Richard Matheson's favorite of the stories was the final one, M. Valdemar. He thought it was "pretty well done. It was pretty straight, except I added the doctor and Valdemar's wife to the story... They acted it pretty well for a change."[7]
Reception
Howard Thompson of The New York Times called the film a "dull, absurd and trashy adaptation", and recommended that viewers only watch the accompanying picture on the double bill, Burn, Witch, Burn.[8]Variety wrote, "Whether audiences will have been rendered limp by the Poe cycle is anybody's guess. Producer Corman, though, plays his latest entry for all it's worth and has assembled some tasty ghoulish acting talent which have marquee strength." The review named "Morella" as the best of the three stories.[9] Margaret Harford of the Los Angeles Times wrote, "Poe admirers will almost certainly find 'Tales of Terror' no substitute for the master's original work but entertaining as another seance with spooks."[10]Harrison's Reports graded the film as "Poor", opining that it "fails to deliver its promise of spine-tingling entertainment. In fact, it's on the dullish side of movie-making."[11]The Monthly Film Bulletin declared, "By and large, Roger Corman's Poe adaptations maintain the highest standard in their field since Val Lewton's low-budget horror films of the Forties", and noted that the anthology format provided "the added advantage that for once there is no sense of the material being stretched too thin."[12]
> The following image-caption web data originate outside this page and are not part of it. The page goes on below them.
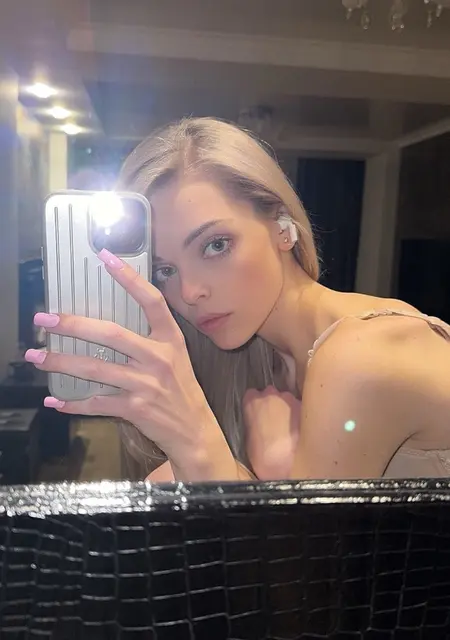 Я Кира, 19, знакомлюсь для приятного времяпровождения в Амстердаме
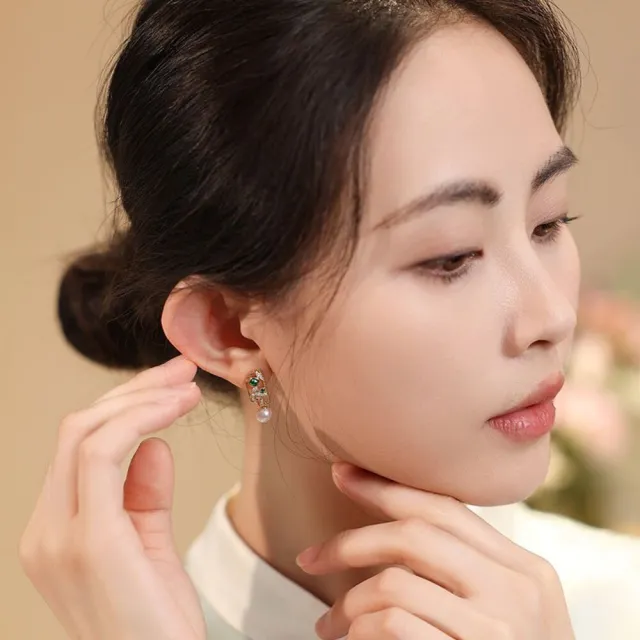 【海斯珠寶】小軒窗系列 18K金竹葉新中式耳環 0.16ct 哥倫比亞糖塔祖母綠 5.5-6mm 日本Akoya珍珠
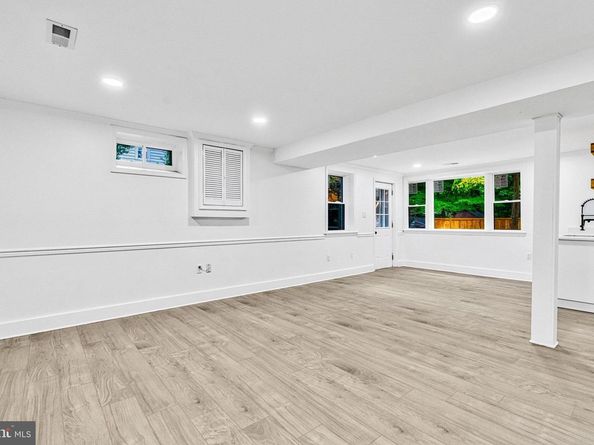 2539 Gallows Road, Dunn Loring VA 22027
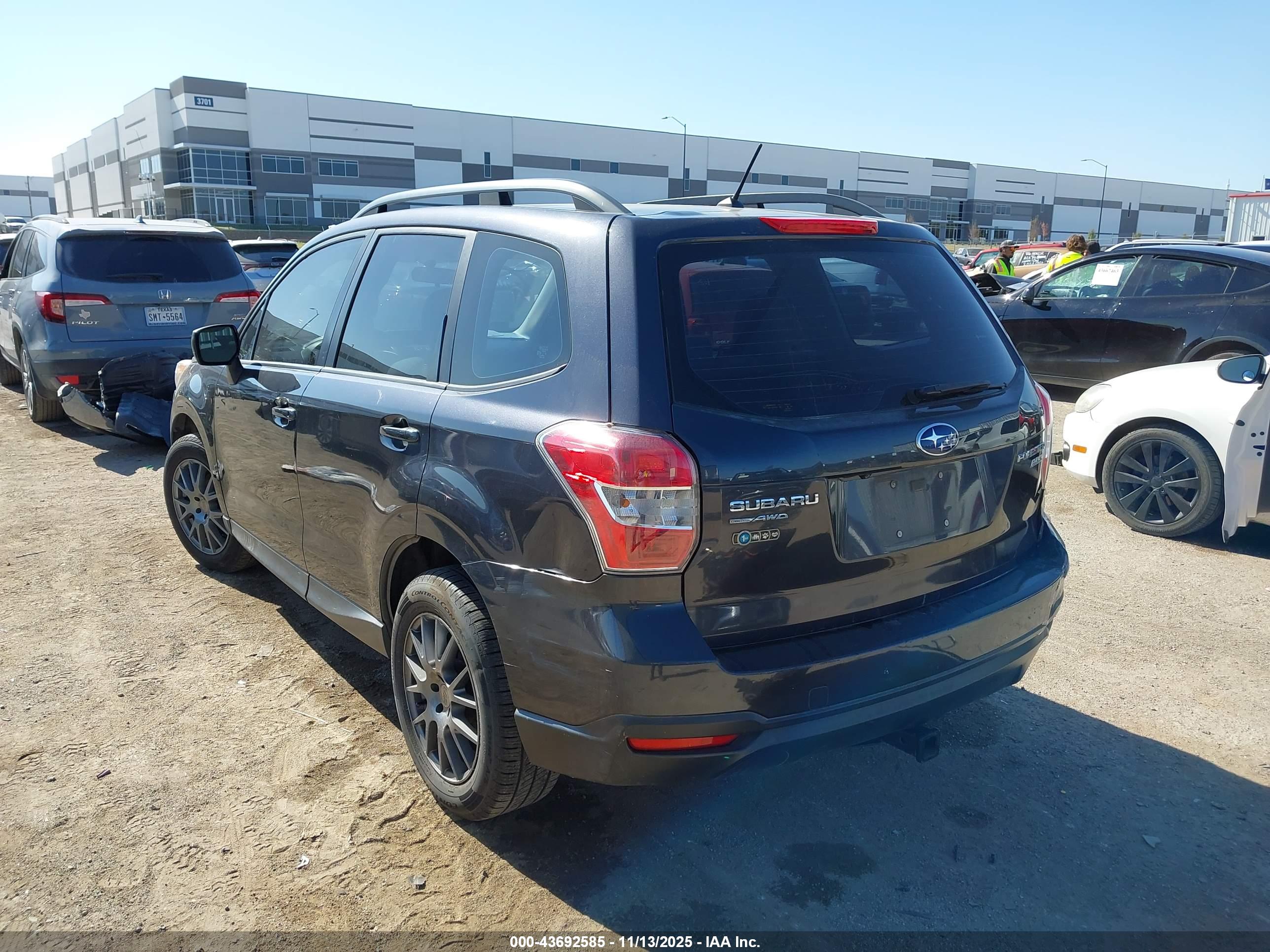 SUBARU FORESTER image 3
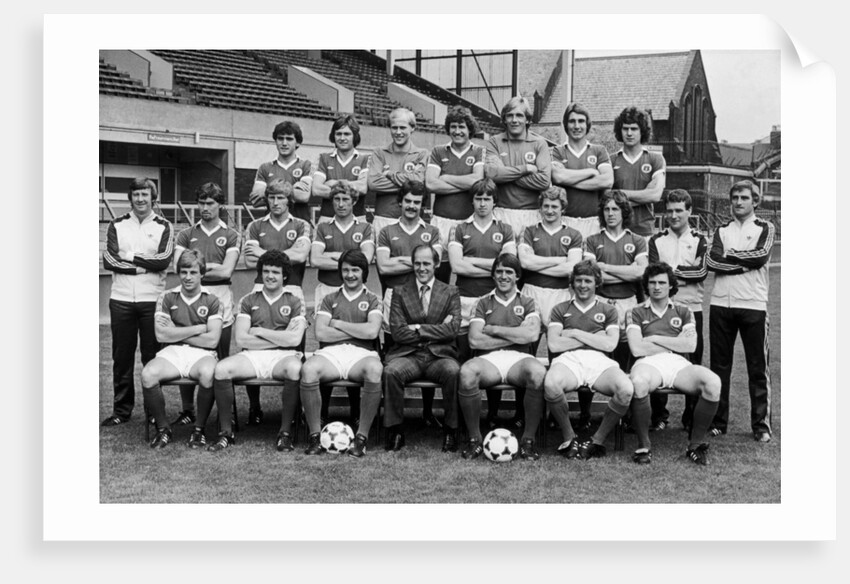 Everton squad pose for a group photograph by Terry Mealey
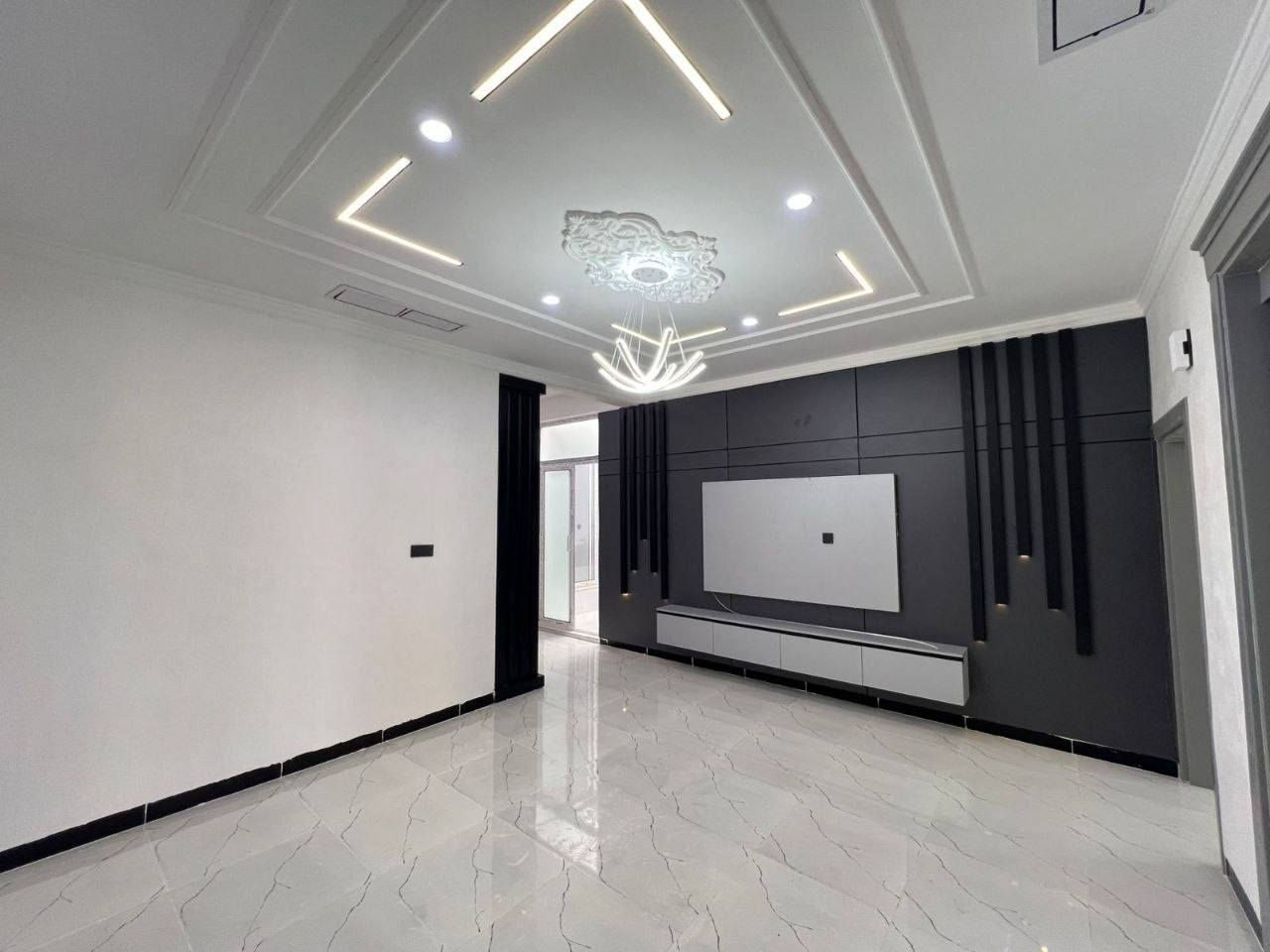 #عقارات_حبيب_علي  
🔸سند طابو يتسجل بإسم اي عراقي
📍أربيل-بيت للبيع حي فرمانبران قرب مدرسه سعاده شارع 120M ع شارع 20Mعريض
➖مساحة 150M طابقين 
يتكون⤵️
➖5غرف نوم 
➖استقبال-صاله-مطبخ-مجموعه صحيات-كراج
***********
***********
لمشاهدة الفيديو والسعر والباقي من العروضات ادخل للقناة رابط القناة👇
https://t.me/habeb2ali

#عقارات_اربيل #شقق_للبيع_اربيل #بيو_لبيع_اربيل  #فلل_للبيع_اربيل #مجمعات_سكنية_اربيل
 #عقارات_كردستان  
#استثمار_عقاري_اربيل #عقارات_بغداد_سليمانية_اربيل  #عقارات_شمال_العراق  

14 دفتر 50 ورقه
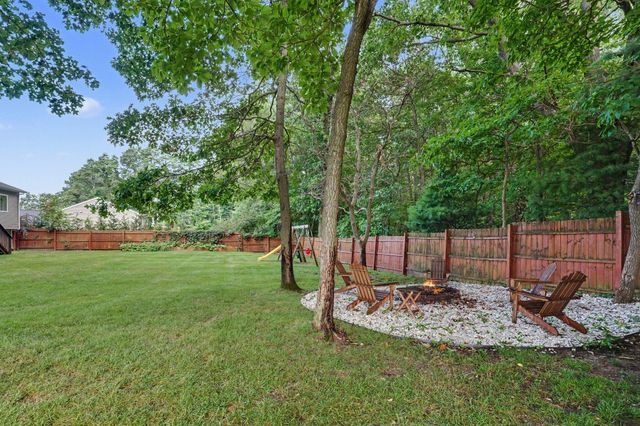 32190 Pinedale Lane, Gobles, MI 49055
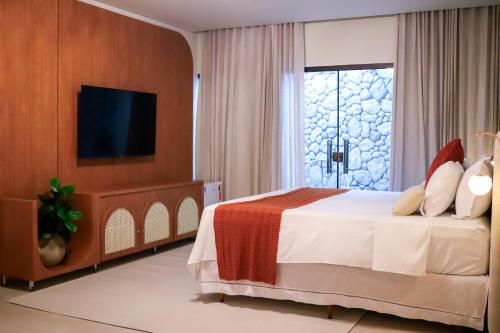 a bedroom with a large bed and a window at Farms Hotel in Coribe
At the film review aggregator website Rotten Tomatoes, the film received a score of 71% based on reviews from 14 respondents.[13]Time Out said the film was "elegant and funny, but the short-story format deprives Corman of the majestic, melancholic rhythm which characterizes his best work of this type."[14]
Merchandise
The film has been twice released by MGM on Region 1 DVD: As part of a Midnight Movie Double Feature (with Twice-Told Tales) on September 20, 2005, then again as part of the "Vincent Price Scream Legends Collection" on September 11, 2007.
Dell Comics published a comic book adaptation of the film.[15]
A novelization of the film was written in 1962 by Eunice Sudak, adapted from Richard Matheson's screenplay, which was published by Lancer Books in a mass market paperback.
In 2011, La-La Land Records released on CD Les Baxter's music score from the "Morella" segment of Tales of Terror. It also features selections from his score used over the end credits for X: The Man with the X-Ray Eyes.